Further on this (and even closer to the original illustration) would be
"good" characters who join the dark side, and "bad" characters who join the
good side.  Perhaps this is the very reason why Snape's true choices and
DD's reasons for trusting him have been obscured for so long: JKR wants to
illustrate to us (through Harry's shock) that good side/bad side are not the
nice neat delineated groups that fairy tales would have us believe.  Someone
"good" (Seamus, Dean, Parvati, Cho?) will go to the Slytherins, and someone
"bad" (Draco, Theodore?) will come to Gryffindor.  Harry will have to decide
whether to judge people on the accurate placing of the SH (=predestination),
or on the affiliations which they have chosen (=free will).

It may be that Dean/Seamus/Parvati/??? will have been placed in Gryffindor
because they have courage and prized it above all, but have later decided
that they want to get ahead more than anything else, and changed (by their
own free will) from what they were into something else.  In the same way, it
may be that Ted Nott or someone else will take the very courageous free-will
step of standing up ALL alone to switch to Gryffindor because his inner
heart has spoken to him about the importance of courage and sound moral
choices over recognition, accomplishement, and power.

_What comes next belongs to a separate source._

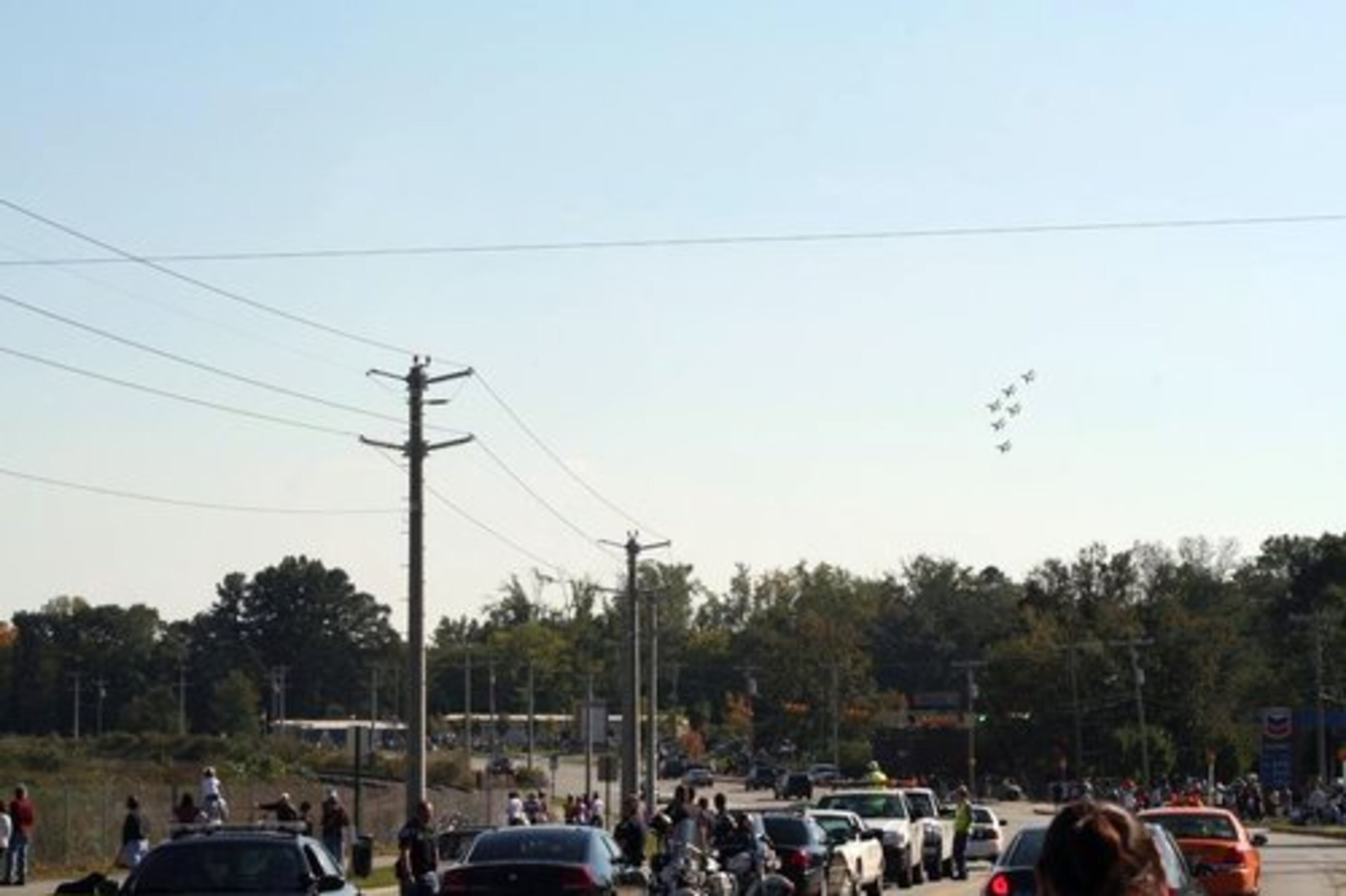 Spectators and security down Atlanta Road enjoying the Thunderbirds.
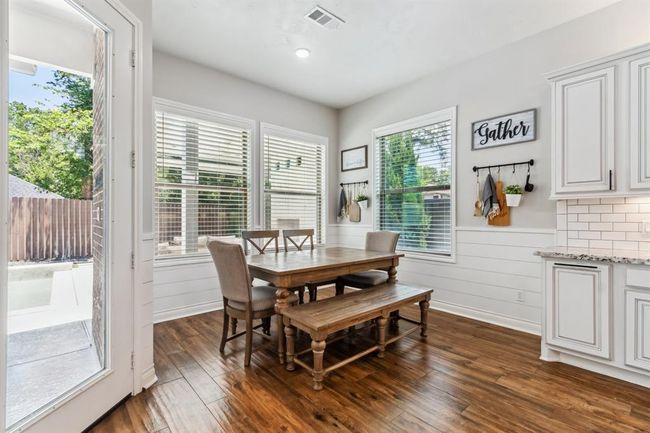 The kitchen opens directly into a generously sized breakfast room, featuring shiplap wainscoting and large windows that provide lovely backyard views. | Image 17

While I don't see any of the principal three (or Ginny or Neville) changing
houses, their reactions to those who change (in both directions) could say
as much as the decisions to change themselves.   That SH song at the
beginning of OOtP had to *mean* something, didn't it?   Work together or be
defeated.  

Vivamus, who agrees with Hub McCann that honor, virtue, and courage mean
everything; that money and power mean nothing; that good always triumphs
over evil, and that true love never dies.